The structure holding back Berkeley Lake’s namesake body of water has been a primary concern of city leaders for nearly two years.
In September 2009, workers spotted problem areas on the dam resulting from the historically high volumes of rain received that year. Ever since that discovery, engineers and technical experts have prepared corrective plans while city leaders devised funding alternatives to make the fix.
Now Berkeley Lake Mayor Lois Salter is pleased to report that a significant milestone has been reached in the repair process.
“I think people are seeing the light at the end of the tunnel, and it’s been a long tunnel,” Salter said.
Last week, representative from the Georgia Environmental Protection Division’s Safe Dams program met with city engineers to complete a preliminary review of the dam’s repair plans.
Salter said Safe Dams experts had a few minor questions for engineers to address before a final plan review is completed, possibly sometime in the next two weeks.
“As frustrated as some people have been about waiting for Safe Dams to sign off, we have to respect how seriously they take these safety issues,” she said. “When they sign off, they are signing off on people’s safety for many years to come.”
With the final plan approval complete, city leaders can bid out the repair job.

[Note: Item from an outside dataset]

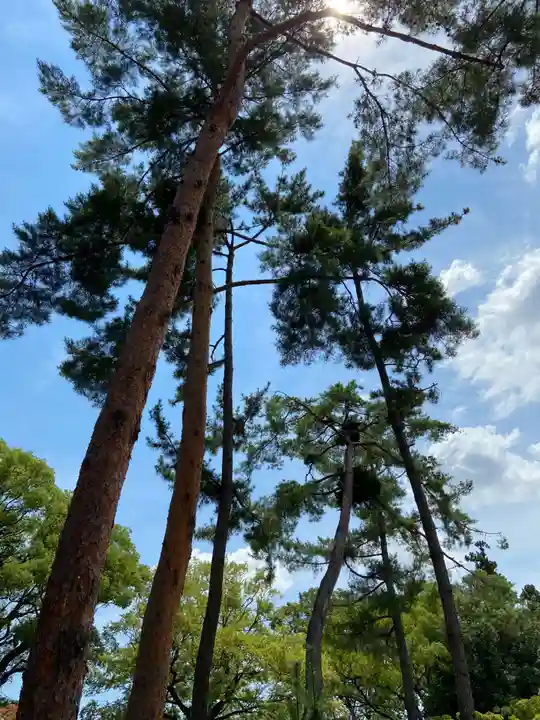 今宮神社の自然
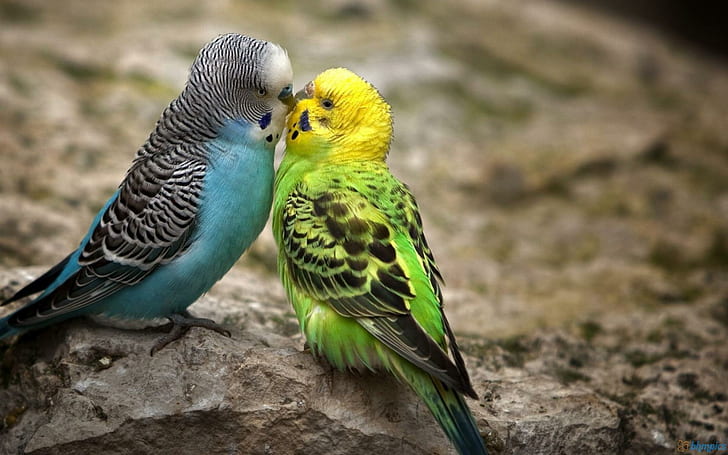 Kissing Parakeets, parrots, birds, animals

A short list of potential firms was vetted during the planning process to help speed up bidding procedures.
Timetables for the repair effort are being revised to reflect the latest developments. Depending on weather and other factors, the city should begin lowering lake levels on or about Sept. 15.
Salter said water has been pumped from the lake since September 2009 to maintain safe levels, but the lake must be lowered further to accommodate the repairs.
“There will probably be water out in the deepest parts, but the area closest to the dam that would be pressing on it is going to have to be removed,” Salter said.
Crews will remove the existing dam embankment beginning around Dec. 2. New materials will be added beginning as early as April 6 with the dam completely finished by July 30, 2012.
Salter said engineers have produced a design that will require only routine maintenance and monitoring for the next 100 years.
“We are building this thing for the long term,” she added.